I agree with everyone who does not find actionable projects acceptable. It is not a question of "choice". OmniFocus is not a feature rich task manager, it's a GTD tool, frankly, it is the only one. If it ever stops being one, I will return to Ken's GTD extension for OmniOutliner.
I'm not a fancy-pants GTD purist, but if I wanted a tool to manage my upcoming tasks next week, I would not need GTD. GTD is meant to manage all aspects of your life, and if the system "works" for you, you will end up with many hundreds of items in it (the "maybe someday" projects, the deferred ones, things that I know I need to do in 3 years from now, etc.)
The glory of GTD is that even with this huge amount of projects and tasks in it, it completely avoids clutter and draws your attention to what's important here-and-now.
EXCEPT if you start to treat projects as actionable.
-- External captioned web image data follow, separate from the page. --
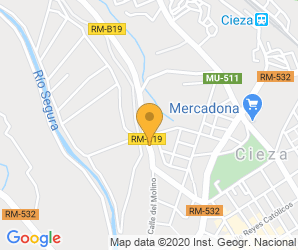 Localización de Colegio Miguel De Cervantes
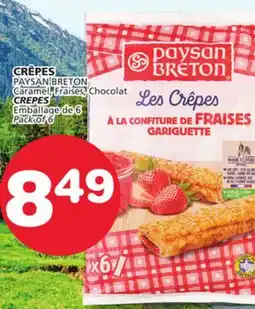 Marches Tradition PAYSAN BRETON CREPES offer
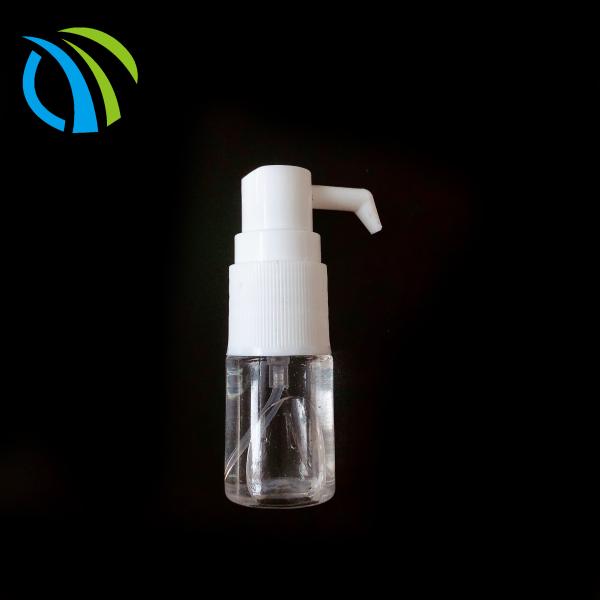 Saline Nasal 18mm Nose Cleaner Pump 15ml Bottle Stopper 18/410 Ribbed Screw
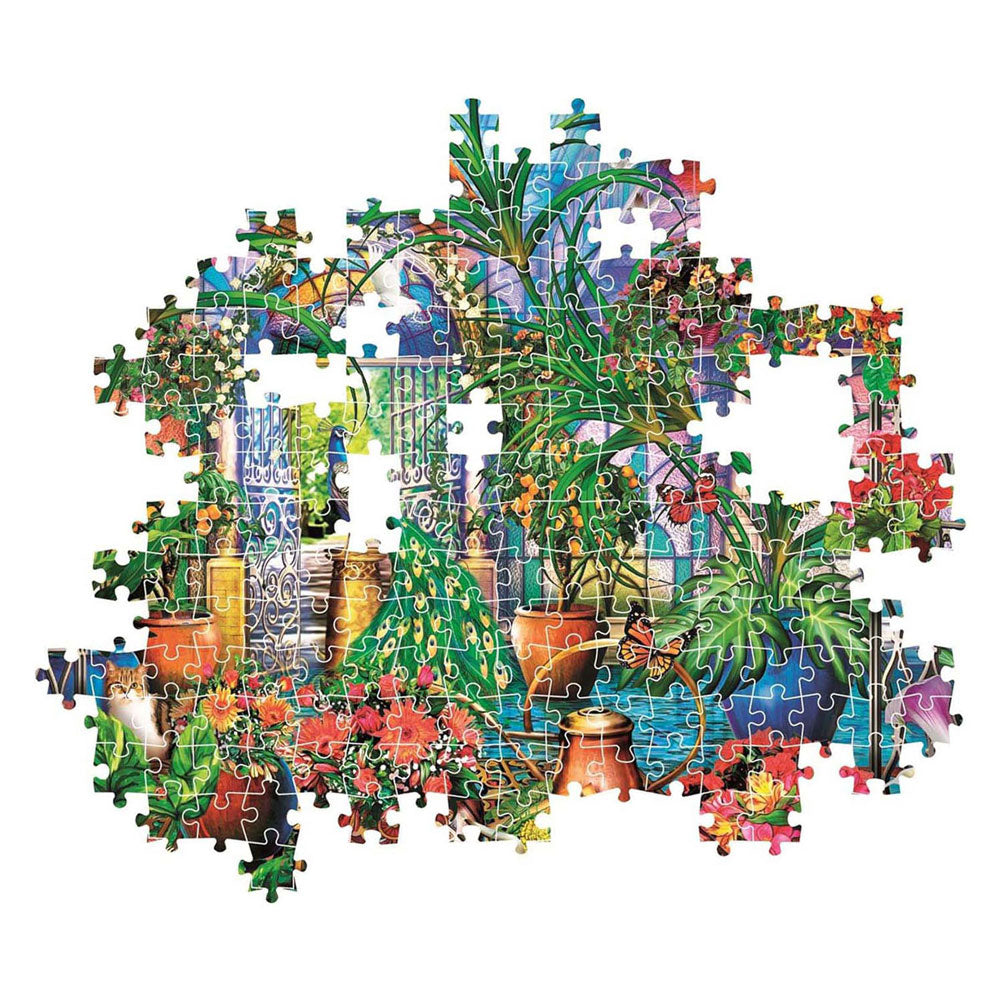 Clementoni legpuzzel the greenhouse caretakers, 500st.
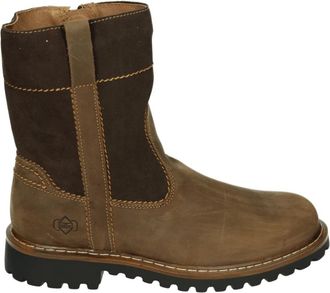Josef Seibel Chance Herenlaarzen Cognac Leer - Heren - Winterlaarzen - Bruin - 44 EU - Leer - Schoenen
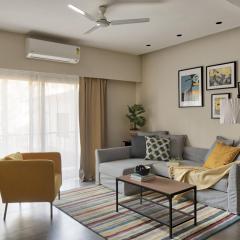 Large 1BHK Apartment by tisyastays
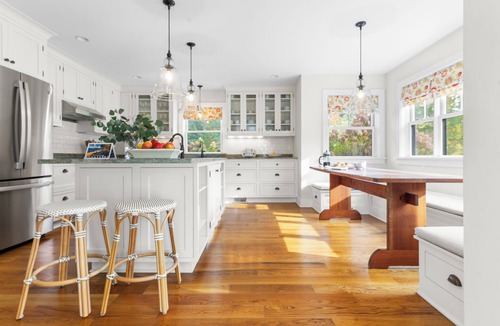 Stockbridge House | Spacious Living, Covered Porch & Forest Setting | Beaver Creek by AvantStay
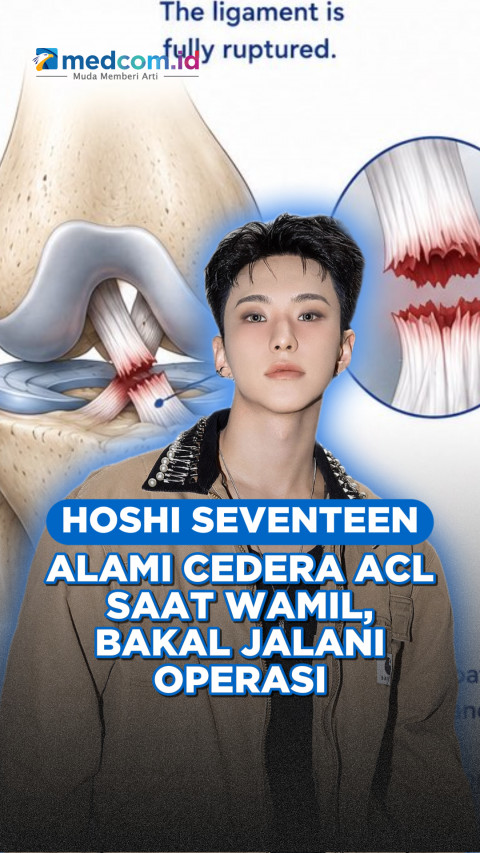 Hoshi SEVENTEEN Alami Cedera ACL Saat Wamil, Bakal Jalani Operasi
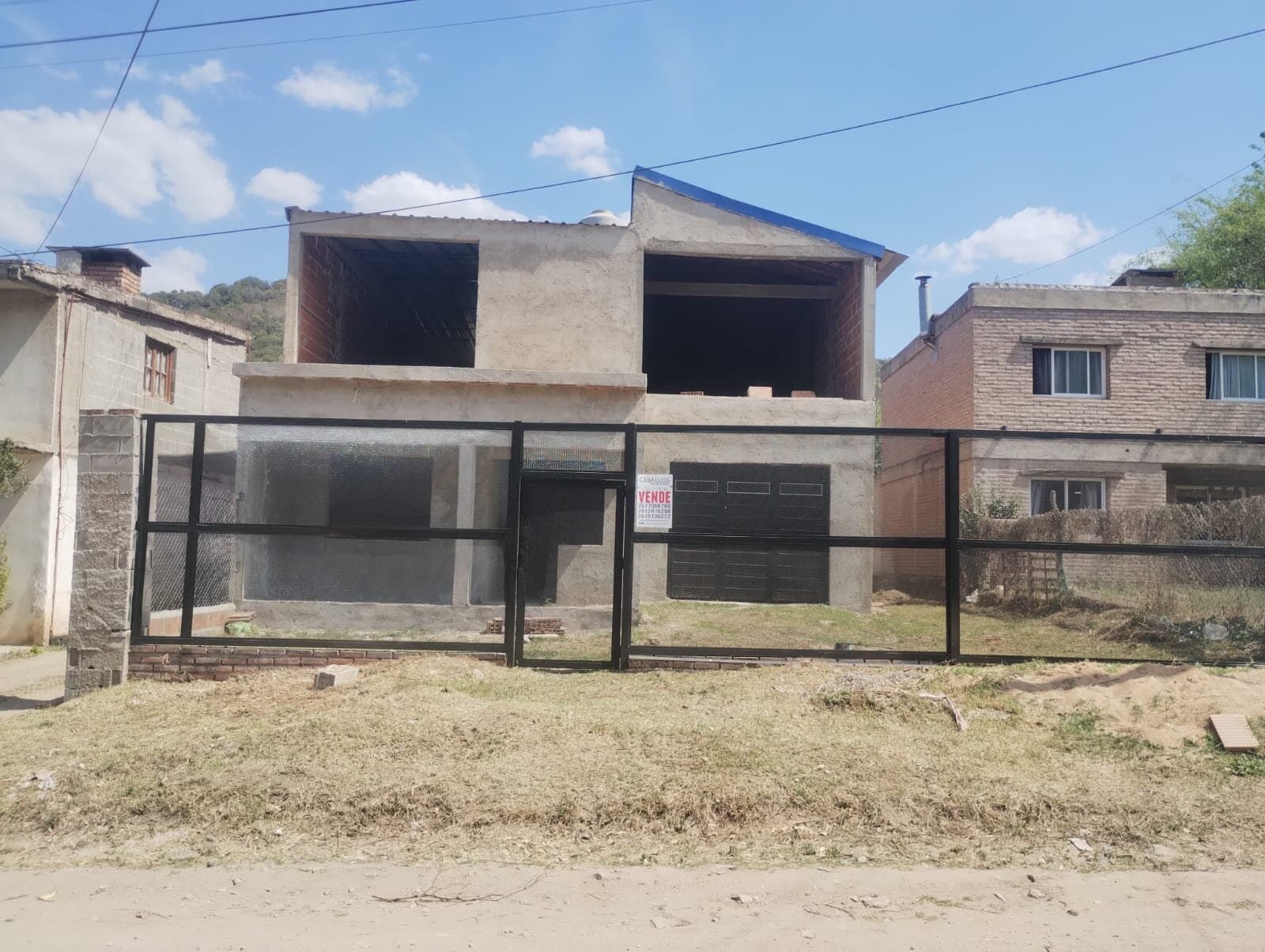 VENTA CASA A TERMINAR RIO CEBALLOS — foto 1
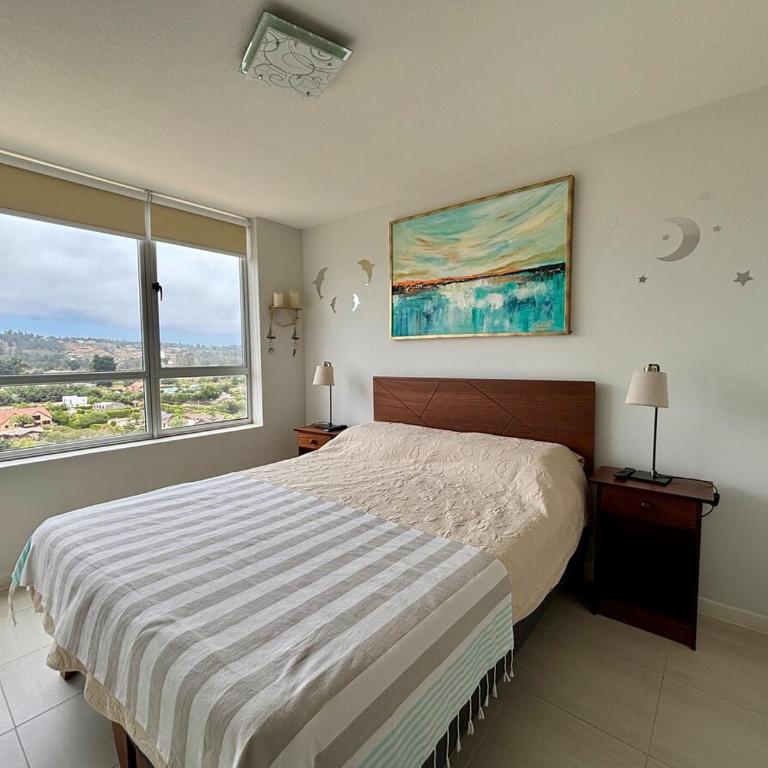 Elegante depto en Mirasol algarrobo - Three-Bedroom Apartment - 33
Then clutter is unavoidable.
There is absolutely no way to organize your projects well AND make sure every single parent item is actionable. "Sell car to Mike" is NOT actionable, and will never be (try). But let's say for argument's sake that it is, how would you make sure your other 50 parent items are also actionable? Have all an appropriate context? An appropriate timing?
And I won't even get into why reviews are important, instead of just "ticking" out your projects in context mode.
Discussing how NOT to do GTD with OmniFocus is like discussing how to make an artistic drawing in Autocad. You can if you really really want to, but why on earth would you? There are simpler, cheaper tools out there for you to do that.
Anyway, you can to some extent disable this horrible, horrible function, but the trend here remains worrying.